Risk is an inherent aspect of any business, including forex trading. Even when deciding to engage in this business, you are guaranteed to experience losses, but there is no guarantee of making profits. Your profits can only be obtained when you have a tested trading method, and even then, it depends on whether the amount of profit generated is greater than the losses incurred. Therefore, limiting risk in trading is absolutely necessary. This can significantly reduce your potential losses and ensure they are lower than the profits you can make.
Determining risk in trading is not the same as setting a stop-loss level. Although they are related, the distance of the stop-loss level ultimately does not change the percentage of risk you are using. The same applies to the target profit level you set. However, if you use a take-profit level that has a higher ratio than your trading risk, the profits you generate can be larger. Therefore, it is important to pay attention to your risk-to-reward ratio when conducting trades. This can greatly help you increase your profits and compensate for any shortcomings in the probability of your trading method.
Risk is typically determined based on a percentage of the total capital.
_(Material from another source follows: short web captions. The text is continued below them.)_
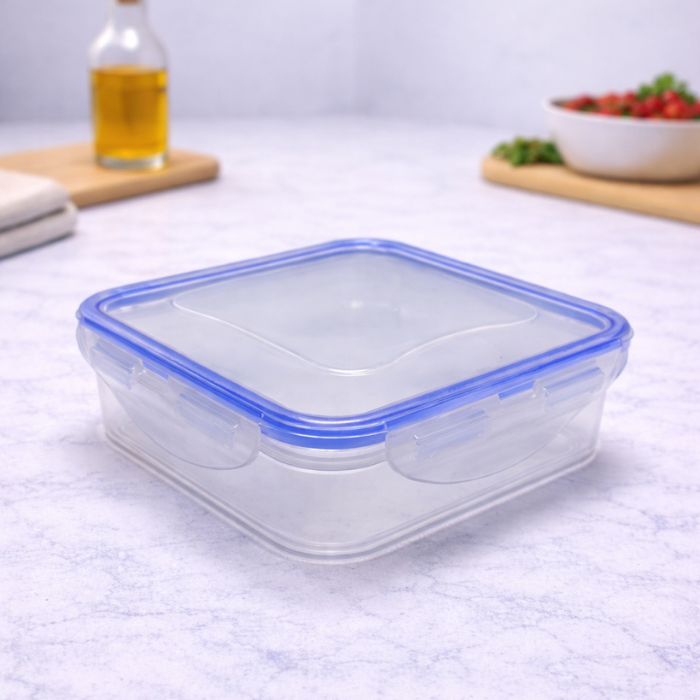 Hometouch Clip Lock Food Storage Container – 600ml – Blue Lid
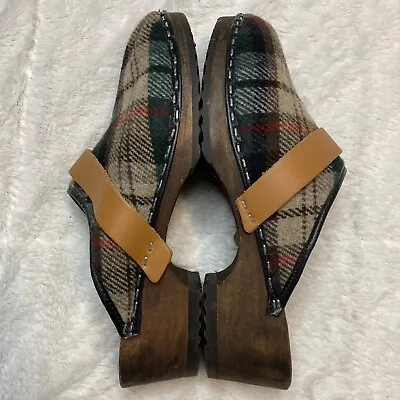 Moheda Toffeln US6.5  EU37 Plaid Wooden Clogs Sweden Leather Mules Wool Plaid • $32.96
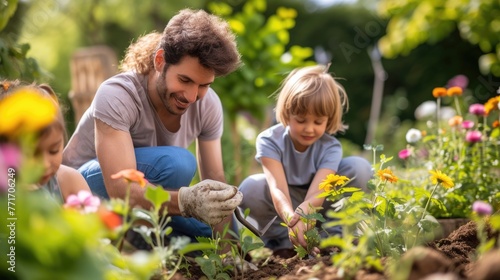 A happy family enjoying leisure time, picking beautiful flowers in a natural landscape surrounded by plants, trees, and grass. AIG41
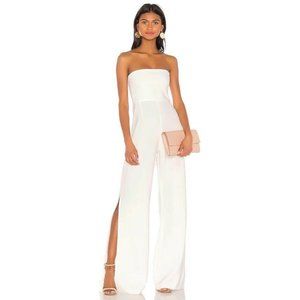 Nookie Glamour Jumpsuit White Strapless Split Leg Wedding Party XS NWT $289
The common recommendation is to set a risk limit of 3% to 5%. You can choose to set it lower, but increasing it should never be considered unless you enjoy losing money.
When you set the risk based on this percentage, regardless of the distance of your stop-loss level, the risk amount should remain the same. You should not adjust the stop-loss level to fit this percentage; instead, you should adjust the size of your position.
For example, if you have a $10,000 capital and your stop-loss distance is 100 pips, you should use a position size of 0.5 standard lots, assuming the pip value is $1. If you have a $1,000 capital, where 5% of it is $50, then the position size you should use is 0.05 standard lots. Or let's say you have a $10,000 capital and your stop-loss distance is only 20 pips, then your position size would be 2.5 standard lots. With this system, regardless of whether you are a scalper, intraday trader, swing trader, or even a position trader, your risk will remain the same, ranging from 3% to 5%.
So, that's how you determine risk in forex trading. This approach ensures that you have a consistent level of risk, regardless of changes in the average daily price range. Regardless of the distance of your stop-loss level, your risk will remain the same. This allows you to maintain discipline in managing trading risks and minimize financial losses that may affect you.